Título: EUA recorrem de condenação da OMC
Autor: Alexandre Inacio
Fonte: Gazeta Mercantil, 19/10/2004, Agribusiness, p. B-12

Ficou para o último dia, mas o governo americano não abriu mão de recorrer do parecer da Organização Mundial do Comércio (OMC), que considerou ilegal os subsídios concedidos aos produtores de algodão dos Estados Unidos. Ontem, representantes do governo Bush entregaram oficialmente a apelação da decisão da entidade internacional, que suspende os US$ 3 bilhões fornecidos na forma de subsídios aos agricultores daquele país.

"Essa posição já era esperada.
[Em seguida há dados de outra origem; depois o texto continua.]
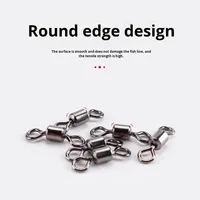 Mousqueton à huit émerillons en acier inoxydable à grande vitesse de style américain pour la pêche au leurre et les émerillons Accessoires Fournitures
No dia que a OMC deu parecer favorável ao Brasil os americanos já anunciaram que apelariam da decisão", afirma Pedro Camargo Neto, precursor das negociações do algodão na OMC. Segundo Camargo Neto, um corpo de três árbitros deverá julgar o pedido dos Estados Unidos, que deverá estar concluído entre o final de janeiro e início de fevereiro de 2005.

Gastos maiores

Mais do que a demora em um resultado efetivo, a retomada do processo na OMC deverá gerar mais custos aos produtores brasileiros. Além dos US$ 2 milhões já investidos na primeira etapa, desde 2002 - 85% desse valor pago pelo setor privado - a segunda rodada de negócios vai custar algo entre US$ 300 mil e US$ 500 mil aos produtores nacionais.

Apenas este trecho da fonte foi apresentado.